Complimenting your grandchild is an excellent way to express gratitude in an accessible way.
“It’s good to recognize success,” Dlugokinski said. “It’s especially good to recognize effort. If somebody has tried as hard as they can and did not achieve, recognize that. They can come back and use that same effort and make it work next time.”
Don’t just tell your grandchild that you’re grateful for his or her actions; explain why.
“It doesn’t have to be a long conversation,” Poelker said. “Explain that actions have consequences. If you take the time to explain things on occasion, that’s where the power of those interactions really lie.”
Although teens may seem focused on themselves, they haven’t necessarily forgotten about gratitude.

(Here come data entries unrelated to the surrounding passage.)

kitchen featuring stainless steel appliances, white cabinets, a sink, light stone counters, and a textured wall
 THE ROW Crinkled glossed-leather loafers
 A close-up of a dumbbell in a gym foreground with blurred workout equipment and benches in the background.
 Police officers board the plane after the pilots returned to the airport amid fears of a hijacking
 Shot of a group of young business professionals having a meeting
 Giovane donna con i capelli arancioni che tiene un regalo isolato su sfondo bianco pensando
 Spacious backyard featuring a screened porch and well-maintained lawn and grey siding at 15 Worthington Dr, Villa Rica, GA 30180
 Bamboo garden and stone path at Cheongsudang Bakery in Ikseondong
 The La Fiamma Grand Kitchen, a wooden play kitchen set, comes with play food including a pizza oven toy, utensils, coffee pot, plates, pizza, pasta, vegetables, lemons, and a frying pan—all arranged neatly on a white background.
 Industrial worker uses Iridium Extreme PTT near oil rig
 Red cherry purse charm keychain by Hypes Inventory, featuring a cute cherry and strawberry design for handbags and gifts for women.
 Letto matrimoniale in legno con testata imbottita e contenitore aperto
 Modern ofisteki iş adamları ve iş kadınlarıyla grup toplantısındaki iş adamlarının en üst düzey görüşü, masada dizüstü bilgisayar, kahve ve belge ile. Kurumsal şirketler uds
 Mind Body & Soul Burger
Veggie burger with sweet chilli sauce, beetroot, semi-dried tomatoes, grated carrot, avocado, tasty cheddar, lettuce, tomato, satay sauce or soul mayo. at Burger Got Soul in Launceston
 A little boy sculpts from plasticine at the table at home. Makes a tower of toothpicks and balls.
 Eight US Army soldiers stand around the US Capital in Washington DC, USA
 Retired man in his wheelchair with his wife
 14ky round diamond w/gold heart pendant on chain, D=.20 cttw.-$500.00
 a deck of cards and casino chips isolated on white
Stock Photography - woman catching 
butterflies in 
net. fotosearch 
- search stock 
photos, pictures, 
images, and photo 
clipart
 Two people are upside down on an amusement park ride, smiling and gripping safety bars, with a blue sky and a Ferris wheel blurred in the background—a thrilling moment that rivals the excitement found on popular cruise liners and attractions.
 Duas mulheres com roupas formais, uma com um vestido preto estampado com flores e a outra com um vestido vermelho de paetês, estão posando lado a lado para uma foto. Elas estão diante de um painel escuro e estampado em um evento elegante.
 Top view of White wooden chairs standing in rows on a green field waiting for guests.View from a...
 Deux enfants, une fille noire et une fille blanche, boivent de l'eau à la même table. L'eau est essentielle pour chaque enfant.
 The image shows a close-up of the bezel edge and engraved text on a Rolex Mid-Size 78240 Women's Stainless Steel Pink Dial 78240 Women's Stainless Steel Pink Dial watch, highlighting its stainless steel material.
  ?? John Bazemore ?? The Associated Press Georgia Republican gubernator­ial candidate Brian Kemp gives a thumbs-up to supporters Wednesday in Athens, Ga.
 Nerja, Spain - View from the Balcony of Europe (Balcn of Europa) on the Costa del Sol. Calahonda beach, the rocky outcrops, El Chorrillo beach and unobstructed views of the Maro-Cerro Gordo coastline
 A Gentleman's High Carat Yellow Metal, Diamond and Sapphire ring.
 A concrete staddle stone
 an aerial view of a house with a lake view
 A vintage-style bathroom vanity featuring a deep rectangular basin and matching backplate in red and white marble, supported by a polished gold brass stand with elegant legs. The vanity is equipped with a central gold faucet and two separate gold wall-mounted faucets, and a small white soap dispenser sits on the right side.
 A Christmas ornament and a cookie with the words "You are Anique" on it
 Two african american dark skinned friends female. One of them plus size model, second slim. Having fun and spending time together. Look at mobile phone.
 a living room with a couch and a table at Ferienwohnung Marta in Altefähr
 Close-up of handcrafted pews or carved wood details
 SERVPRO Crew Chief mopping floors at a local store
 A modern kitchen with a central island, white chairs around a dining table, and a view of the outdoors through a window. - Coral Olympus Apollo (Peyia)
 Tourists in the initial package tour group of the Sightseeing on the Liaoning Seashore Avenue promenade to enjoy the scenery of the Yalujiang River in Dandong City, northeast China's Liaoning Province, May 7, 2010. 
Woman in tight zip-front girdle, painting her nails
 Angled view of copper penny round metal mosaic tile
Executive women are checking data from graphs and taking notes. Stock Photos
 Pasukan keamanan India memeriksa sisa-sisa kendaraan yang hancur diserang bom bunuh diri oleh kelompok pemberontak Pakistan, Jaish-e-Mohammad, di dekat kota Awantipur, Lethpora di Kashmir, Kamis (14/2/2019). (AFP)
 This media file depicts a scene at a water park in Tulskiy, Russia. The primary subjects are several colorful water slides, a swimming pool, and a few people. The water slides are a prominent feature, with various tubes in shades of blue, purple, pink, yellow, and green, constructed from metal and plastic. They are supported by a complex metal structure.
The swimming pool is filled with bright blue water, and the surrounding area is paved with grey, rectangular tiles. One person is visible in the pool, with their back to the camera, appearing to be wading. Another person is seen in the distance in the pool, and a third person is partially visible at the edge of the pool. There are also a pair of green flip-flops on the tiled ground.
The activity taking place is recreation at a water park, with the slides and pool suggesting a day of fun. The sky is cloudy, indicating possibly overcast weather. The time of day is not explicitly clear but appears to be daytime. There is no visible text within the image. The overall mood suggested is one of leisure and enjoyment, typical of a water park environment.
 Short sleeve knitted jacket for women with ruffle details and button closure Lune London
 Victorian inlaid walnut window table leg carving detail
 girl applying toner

“People often think that young people are entitled and ungrateful, but that is not always true,” Park said. “Adolescence is for young people to focus more on themselves and try to build a sense of identity. Thinking about how others contribute to their life is not exactly what they are interested in doing. This does not mean that they are not grateful.”
You may help teens embrace gratitude by pointing out sacrifices that others have made for them.
“Encourage them to see things from multiple vantage points,” Poelker said. “It sets them up to better appreciate all the kind things that have been done for them when you understand what it took for the other person to make that happen.”
Expressions of Gratitude
When your grandchild receives a gift, you can encourage him or her to write a thank-you card. If you start early on, card-writing can become a positive habit.
“If adults make it fun with young people and truly explain the meaning of activity, [writing thank-you notes] can be a part of family ritual,” Park said. “However, if adults demand or preach young people to do it as an obligation while they are not doing it, it is not only less effective but it creates resentment and resistance.”
Younger children can get into the habit by drawing thank-you pictures. Older children can dig deep within themselves.
“I would recommend that the note explain why the child is grateful, rather than, ‘Thanks for the gift,’” Poelker said. “You strengthen that bond, acknowledging something deeper than, ‘Hey, you got me something.’ It’s beneficial both for the benefactor and the beneficiary.”